Their father’s lawyer said they agreed to talk with foreign media because they saw it as their last chance to pressure authorities to provide psychiatric help to Asahara instead of executing him.
The sisters say there is no point talking to Japanese media, which they say are more interested in reporting salacious details about Asahara’s prison life.
“Some Japanese media say you are the children of devils so you don’t have any rights,” Kaori said.
“Whatever I do is all broadcast and most of it isn’t true…. Rather than try to change our image, we just want them to forget about us.”
But the family has not been able to drop below the radar.
Their mother was found guilty in 1999 of conspiring with her husband to kill another cult member. She was released from jail in 2002.
The Aum cult was declared illegal in the wake of the gas attack, but has been reconstituted as a legal group called Aleph. The sisters denied they were members of Aleph or any organized religion, and said they received no money from it.
“When the name was changed to Aleph, they sent us a form and asked if we would like to submit a subscription,” Kaori said. “We did not.”
The family name has cost Kaori part-time jobs as a golf caddy, convenience store clerk, waitress and grocery deliverer. She said she was fired from all of them when her identity was exposed.
“The managers would say, ‘I’m sorry, but … ,’ ” Kaori said. Her close friends know who she is, and some have been harassed by reporters seeking gossip.
The courts overturned the ban and Kaori is attending one of the schools, which she declined to name.
“I am studying psychiatry so I can understand about my internal condition and understand other people from a scientific point of view,” she said.
She already has had rare insight into human behavior.
Years ago, when bullying at elementary school drove their elder sister to cut her wrists and they feared she would kill herself, the family sought a meeting with the school principal to ask him to intervene.
They received no sympathy.
“The headmaster said: ‘Your sister’s life is only one. But many people lost their lives in the sarin attacks,’ ” Mayumi said.
In February, a junior high school refused to admit Asahara’s youngest son. The principal said he could not guarantee the safety of other students since the 11-year-old, who was a newborn when his father was arrested, could conceivably be under the influence of the cult.
“The school never even interviewed the son; they just acted on the basis of the Asahara image,” said Takashi Matsui, one of Asahara’s defense lawyers. He said the boy and Asahara’s other son had been prevented from attending elementary school.

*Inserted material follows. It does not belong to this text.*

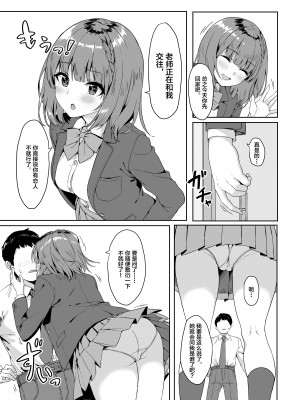 [深海喫茶 (うなさか)] やみつき先生。 [不咕鸟汉化组] [DL版]_04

Mayumi, 25, says she has no friends and doesn’t go out much because she fears being followed. Instead, she studies law by correspondence.
In visits since August 2004, she has recorded her father’s condition in notebooks, page after page of his mumbles and her impressions. And she looks for signs that prison officials are lying about his condition.
Prosecutors and prison officials say he acknowledges questions with a mumbled Japanese phrase that means “I understand.”
“But he says the phrase even when he’s alone,” Mayumi said.
The sisters would like to move on with their lives, but won’t as long as their father is alive.
Kaori visited Toronto last year and reveled in the freedom of being someplace where no one knew her.
“It was only there that I finally understood about the heavy pressure I’m under in Japan,” she said. She would like to leave permanently, but for the time being that is not an option.
“Of course many things are bitter,” she says. “But I think I would regret it if I didn’t do everything for my father’s case.”